> [Recorded information]:
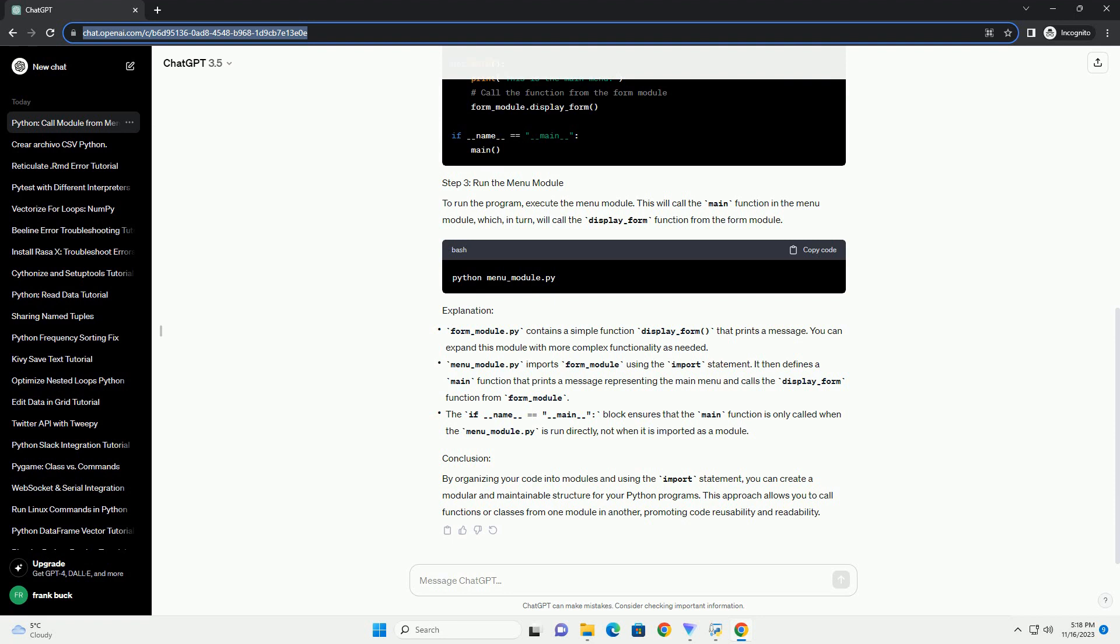By organizing your code into modules and using the import statement, you can create a modular and maintainable structure for your Python programs. This approach allows you to call functions or classes from one module in another, promoting code reusability and readability.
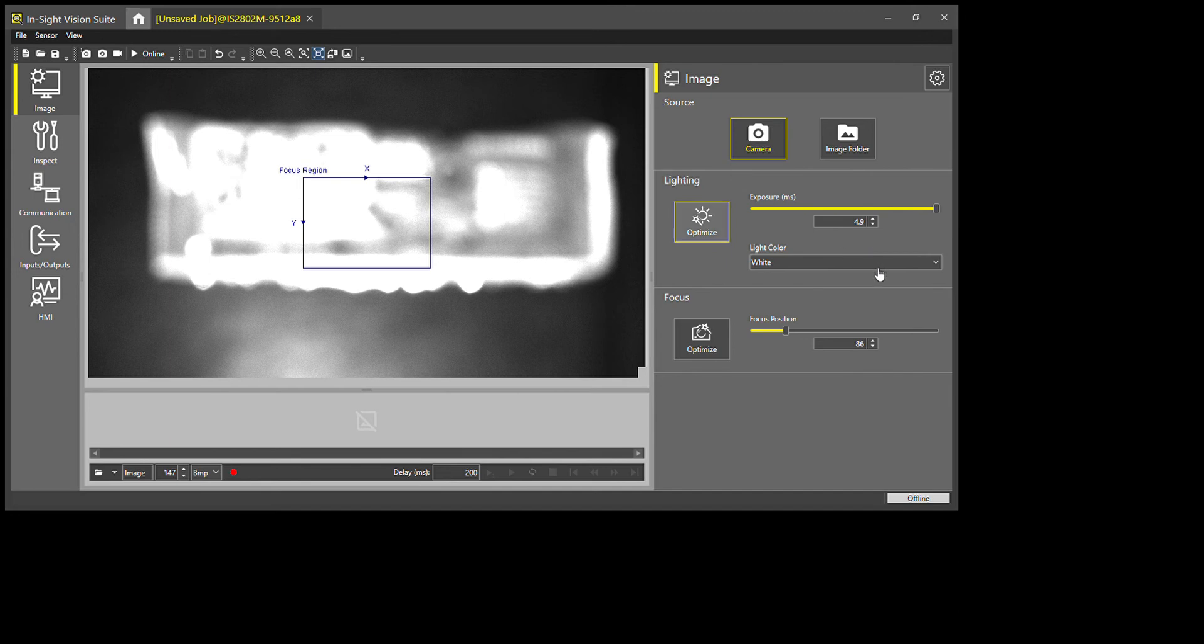In this, you have a liquid lens. So I just threw a part underneath—it's actually a blue Nutri-Grain bar—and I'll show you how easy it is to optimize this image.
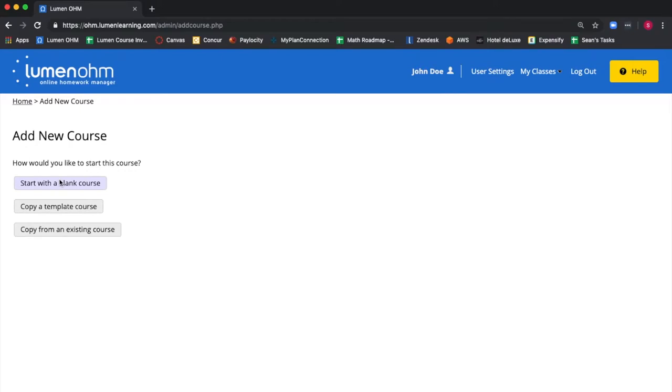Start with a blank course lets us create a new course from scratch, or we could also mix in material from other courses into that course. Copy a template course uses an existing template course in the Lumen OHM catalog as a base for your own new course.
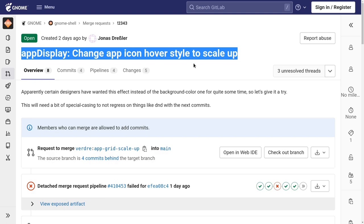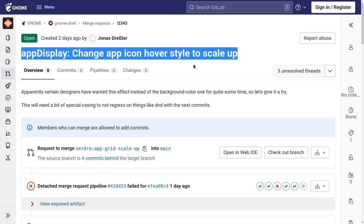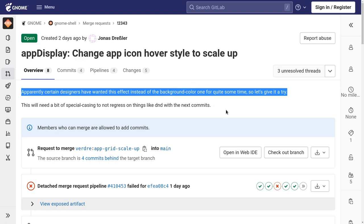Anywho, that's the merge request, and it says that the designers want to change the hover effect for quite some time, so let's give it a try!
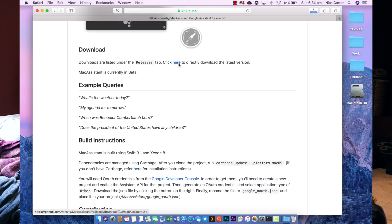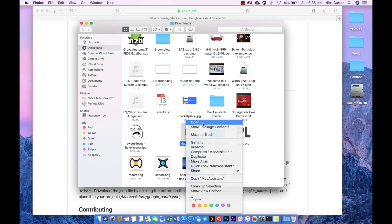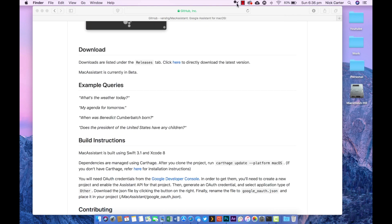Once that's downloaded you're left with this file. You might have to unzip it — and here it is. As you can see it looks like Google Assistant, called 'Mac Assistant' — that's a clever name. Just click on it and it's gonna come up with this little Google Assistant icon at the top.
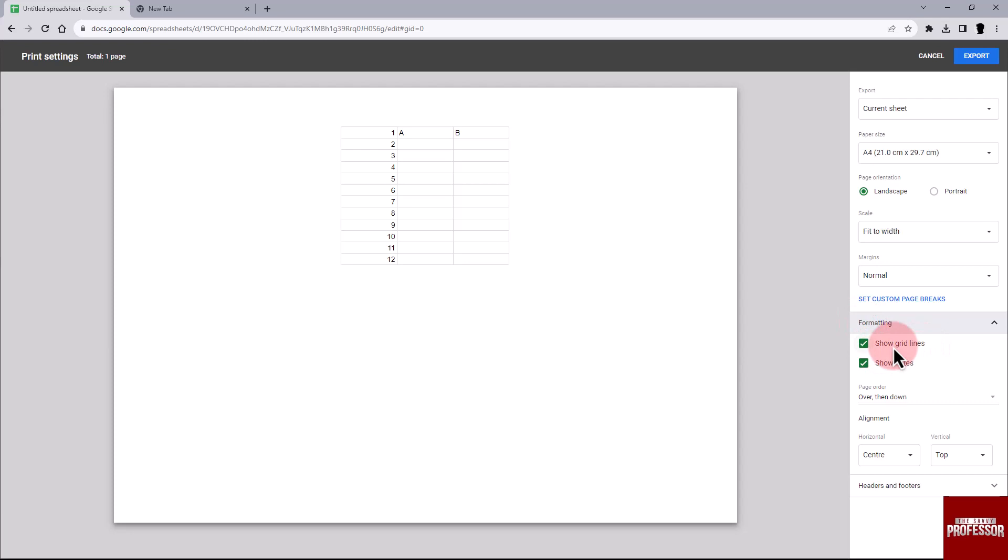In the Formatting option, you will find a checkbox labeled Show Gridlines. Make sure to uncheck this option to remove the gridlines from the PDF.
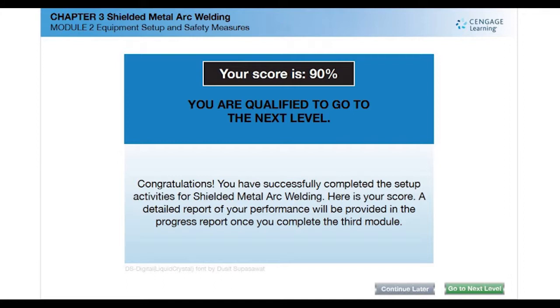Upon completion of the questions, you can view your scorecard and proceed to the next module. A detailed progress report of your performance will be provided once you finish all three modules. Good luck!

> [What you have to do]: Exact copy, no images: rewrite the entire listing above.

> [Output for this task]:
By organizing your code into modules and using the import statement, you can create a modular and maintainable structure for your Python programs. This approach allows you to call functions or classes from one module in another, promoting code reusability and readability.
In this, you have a liquid lens. So I just threw a part underneath—it's actually a blue Nutri-Grain bar—and I'll show you how easy it is to optimize this image.
Start with a blank course lets us create a new course from scratch, or we could also mix in material from other courses into that course. Copy a template course uses an existing template course in the Lumen OHM catalog as a base for your own new course.
Anywho, that's the merge request, and it says that the designers want to change the hover effect for quite some time, so let's give it a try!
Once that's downloaded you're left with this file. You might have to unzip it — and here it is. As you can see it looks like Google Assistant, called 'Mac Assistant' — that's a clever name. Just click on it and it's gonna come up with this little Google Assistant icon at the top.
In the Formatting option, you will find a checkbox labeled Show Gridlines. Make sure to uncheck this option to remove the gridlines from the PDF.
Upon completion of the questions, you can view your scorecard and proceed to the next module. A detailed progress report of your performance will be provided once you finish all three modules. Good luck!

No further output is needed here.